The venerable 1985-1996 Mercedes-Benz W124 series is commonly regarded as one of the greatest cars of all time. With its engineering prowess, safety advancements, and technological marvels for its time, the W124 is oft named as one of the last “over-engineered” Mercedes from an era when money, time, and competition were less significant constraints to new car development.
A testament to its precision engineering and craftsmanship, the W124 has backed its reputation through its durability and longevity. Designed to withstand German taxi use from the start, with proper maintenance, it’s not uncommon for these cars to continue running for many hundreds of thousands of miles. Finding one of these Benzes on the streets of Boston is not an abnormal sight, though the S124 wagons, like this 1989 300 TE are significantly more sparse. Several 300 TE models were sold from the 1986 through 1994 model years, with several engines in rear-wheel and all-wheel drive configurations. This 1989 is a rear-wheel drive model with a 3.0 liter inline-6.
Although the natural inclination is that all 300 TEs would feature engines with a displacement of 3.0 liters, somewhat confusingly, this wasn’t always the case. Originally, the 300 TE was powered by Mercedes’ M103 single overhead cam 12-valve 3.0L inline-6. This engine was used in the 300 TE and 300 TE 4-Matic through 1991 and 1993, respectively. Beginning in 1989, the dual overhead cam 24-valve 3.0L M104 began supplementing the older engine in rear-wheel drive S124s, with these models badged as “300 TE-24”. In 1993, the 3.0L version of the M104 was replaced with two new versions of the M104: a 2.8 liter (badged simultaneously as “280 TE” or “300 TE 2.8”) and a 3.2 liter (still badged as just “300 TE”). Things would make more logical sense again from 1994-1996, as along with Mercedes’ new naming structure, these two models were badged as “E280” and “E320”.
Even when new, the wagons were never as popular as their sedan counterparts. Out of the over 2.5 million W124 series vehicles produced worldwide, only 340,503 of them were wagons and only 41,775 of those were rear-wheel drive 300 TEs with the 3.0L inline-6, like this featured car. Regardless, these vehicles still found a loyal following among the old money types who to this day still prefer a classy wagon over a blingy SUV.

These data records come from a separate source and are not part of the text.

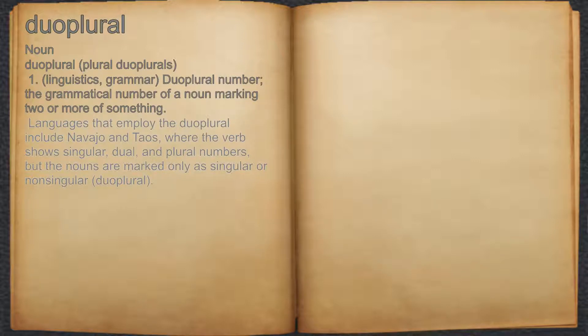For example, languages that employ the duoplural include Navajo and Taos, where the verb shows singular, dual, and plural numbers, but the nouns are marked only as singular or non-singular — duoplural.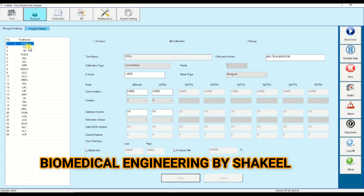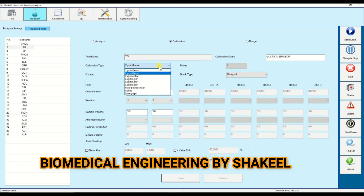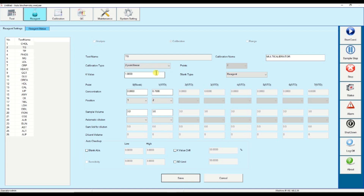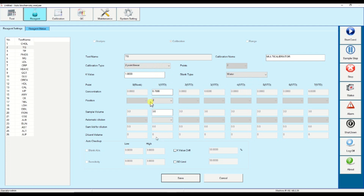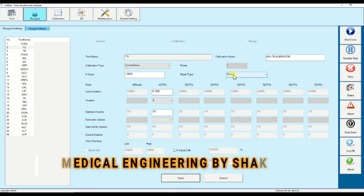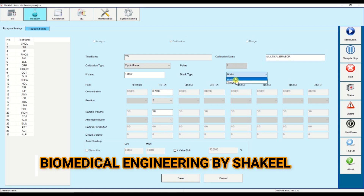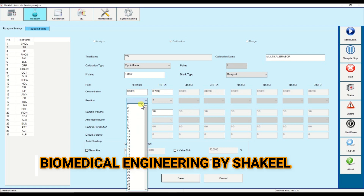Now it's time to enter the calibrator value. Click on parameter, then select the calibration type — it could be one-point linear or two-point, depending on the parameter. Then select the blank type: reagent or water. If you select water, no need to keep the blank — only one calibrator is enough. But if you select the blank type as reagent, you have to keep the blank as well, and after that assign the position.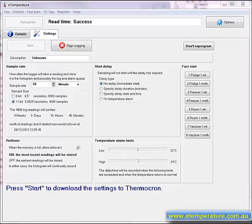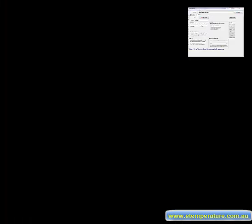This unit is a TCS which has the option for 8 or 11 bit samples. 11 bit samples are better and should be used. This gives 4000 readings in memory. The TC model has 2000 readings.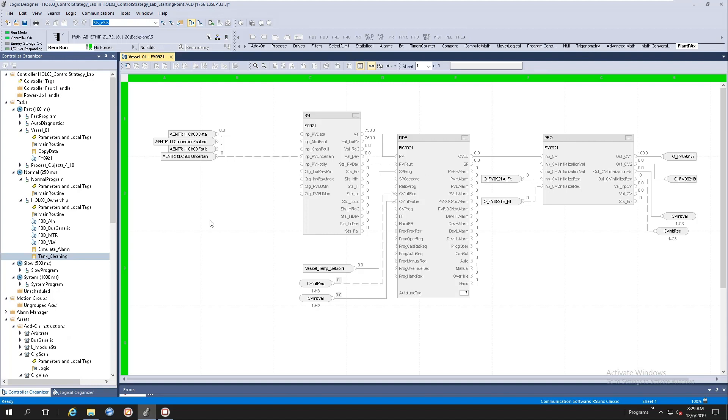Usually it's easier to understand what the tag configurations are rather than going to our controller scope tags, searching for what config tag is specifically for fail open or fail close, or what's my high limit or low limit, things like that.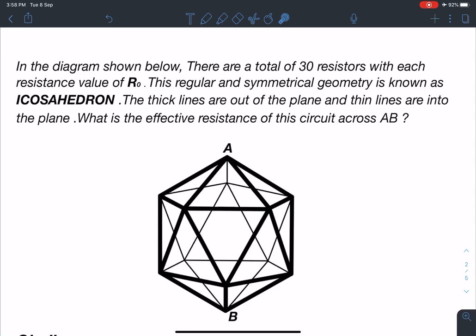Hello everyone, welcome to my channel Indian School of Physics. This is Nitin here, and today I have come up with a very interesting problem. This is a perfect candidate for JEE Advanced type of exam, and this problem can be solved within two minutes.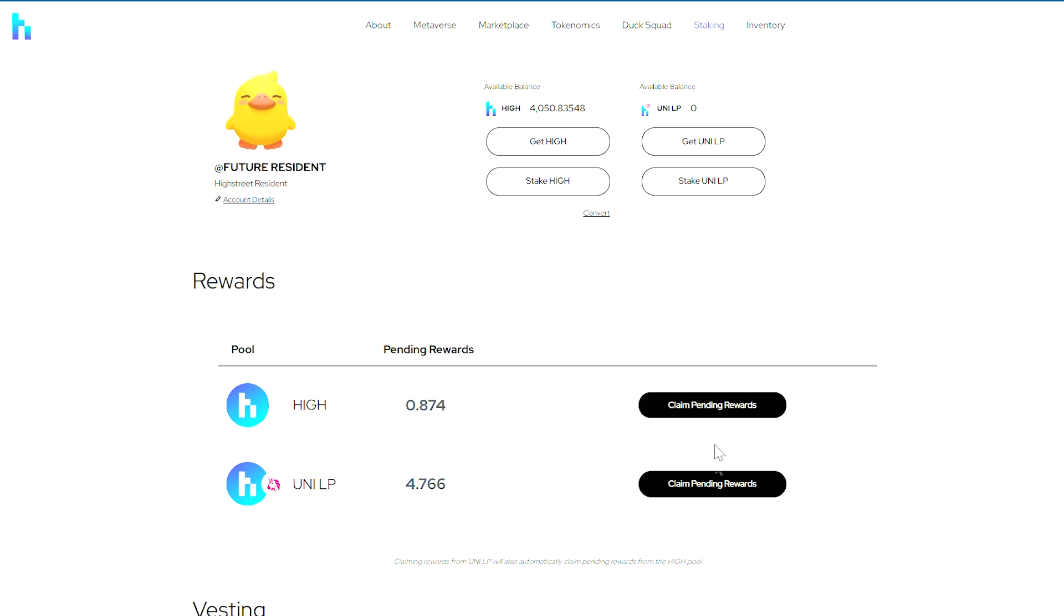Lastly, it's important to know that when you're claiming your rewards from the Uniswap LP pool, it will automatically claim your High Street tokens that are ready to be claimed as well.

This 1989 300 TE has seen better days, but nonetheless, appears to be doing just fine as a city driver. A true argument to naysayers who shout blasphemy at “fake leather” in a Mercedes, this car’s original MB-Tex is flawless, without any of the ripping and tearing commonly found in genuine hide of this age. The windows were wet, so I didn’t want to put my phone right up against the glass, making for this poor quality interior image. In any event, the reflection of the vintage-1927 Boston Park Plaza Hotel presents an interesting backdrop against the window of this notably historic Mercedes-Benz.